Problem requirements: Only one stretch of the material below is wanted: everything from the line containing "Nwt coach Nolita" down to the line containing "Lot 363 - A teak glazed two door bookcase", both ends included. Repeat it exactly and skip the pictures.

Material for this task:
'''

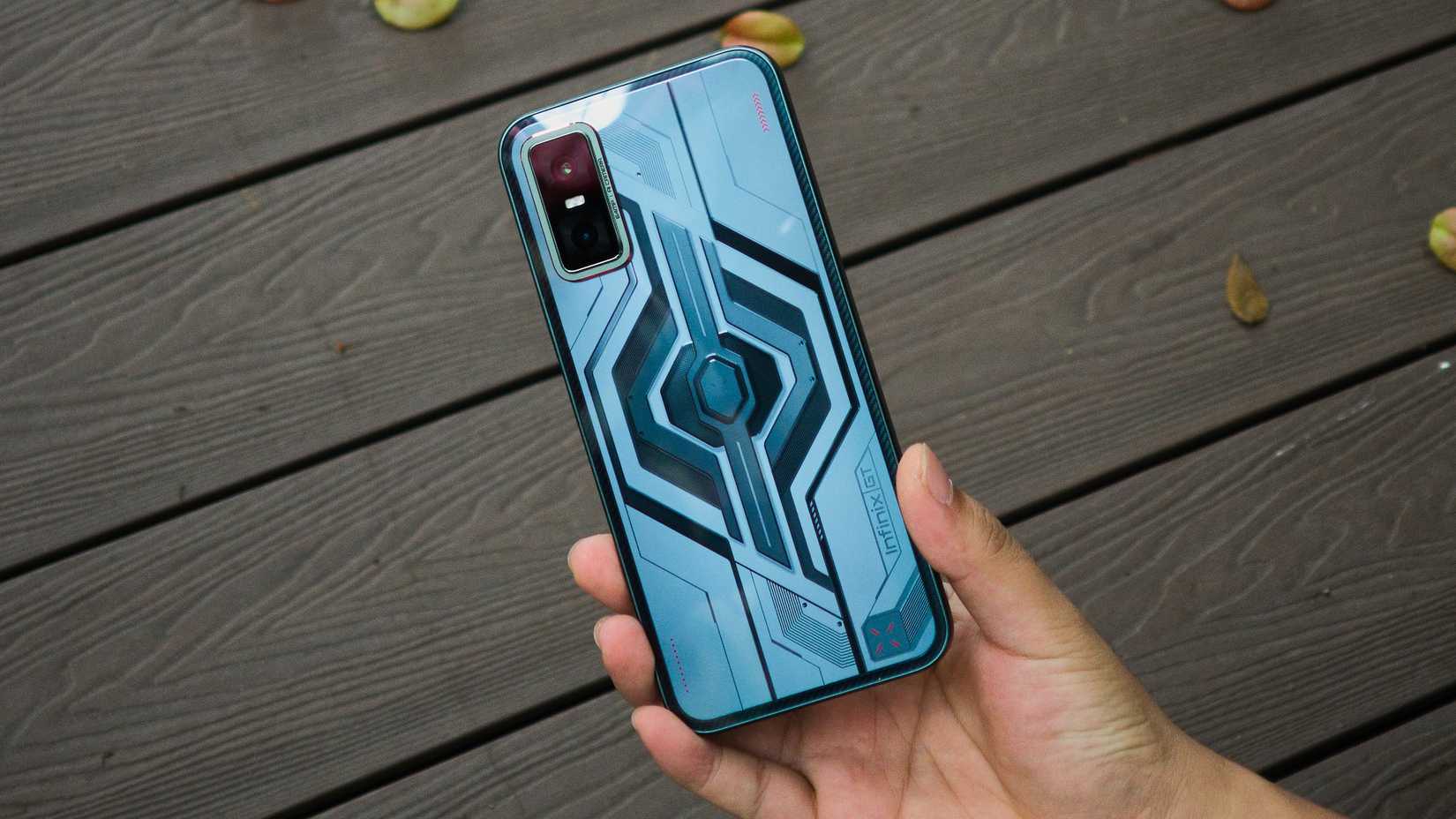 Person holding an Infinix GT 30 smartphone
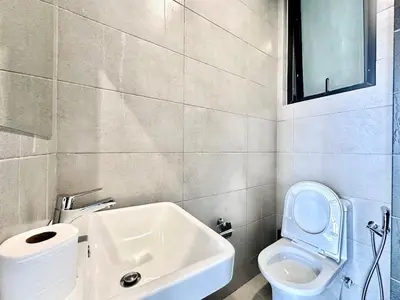 a bathroom with a white toilet and a sink at Charming Haven- Relaxing Retreat Nearby Airpor 10pax in George Town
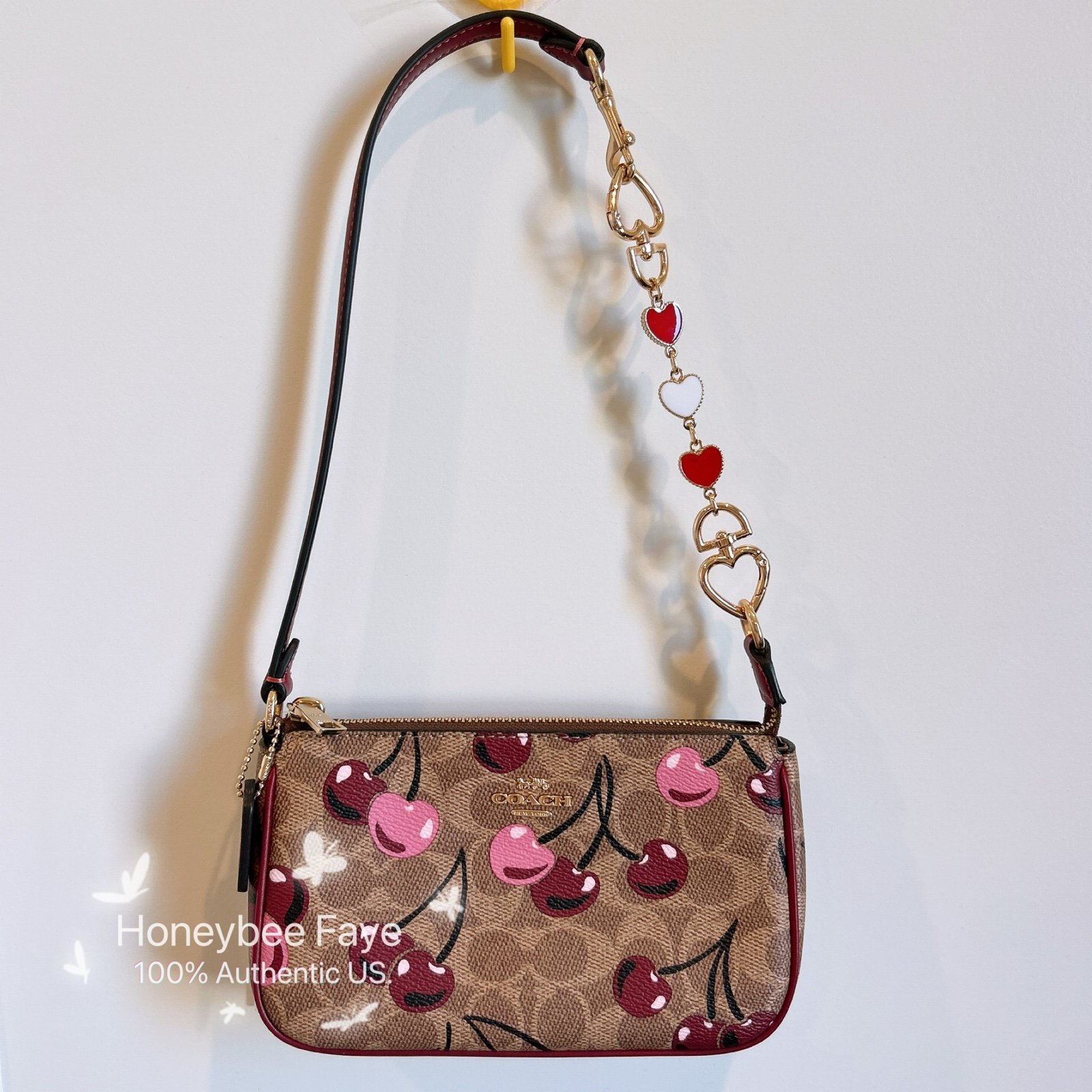 Nwt coach Nolita 19 with cherry print + chain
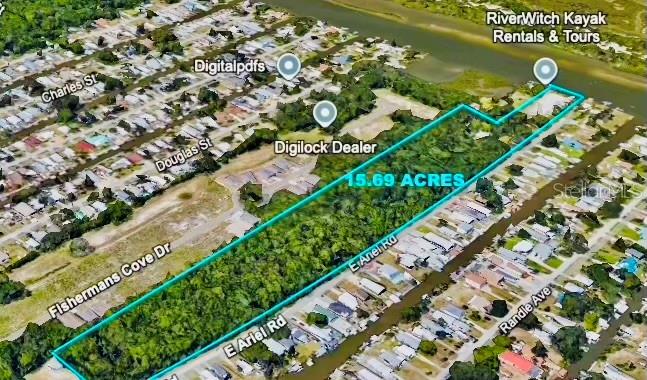 251 Bissit Bay Road Oak Hill, FL 32759 - Photo 7 of 9 an aerial view of a city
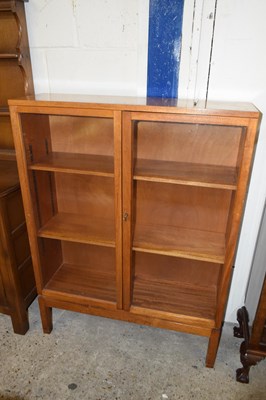 Lot 363 - A teak glazed two door bookcase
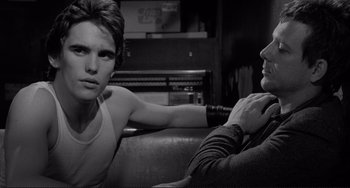 Movie still from “Rumble Fish” (1983), directed by Francis Ford Coppola – A man and a woman sitting next to each other on a couch; Close Up shot, Over the shoulder angle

'''

Response:
 Nwt coach Nolita 19 with cherry print + chain
 251 Bissit Bay Road Oak Hill, FL 32759 - Photo 7 of 9 an aerial view of a city
 Lot 363 - A teak glazed two door bookcase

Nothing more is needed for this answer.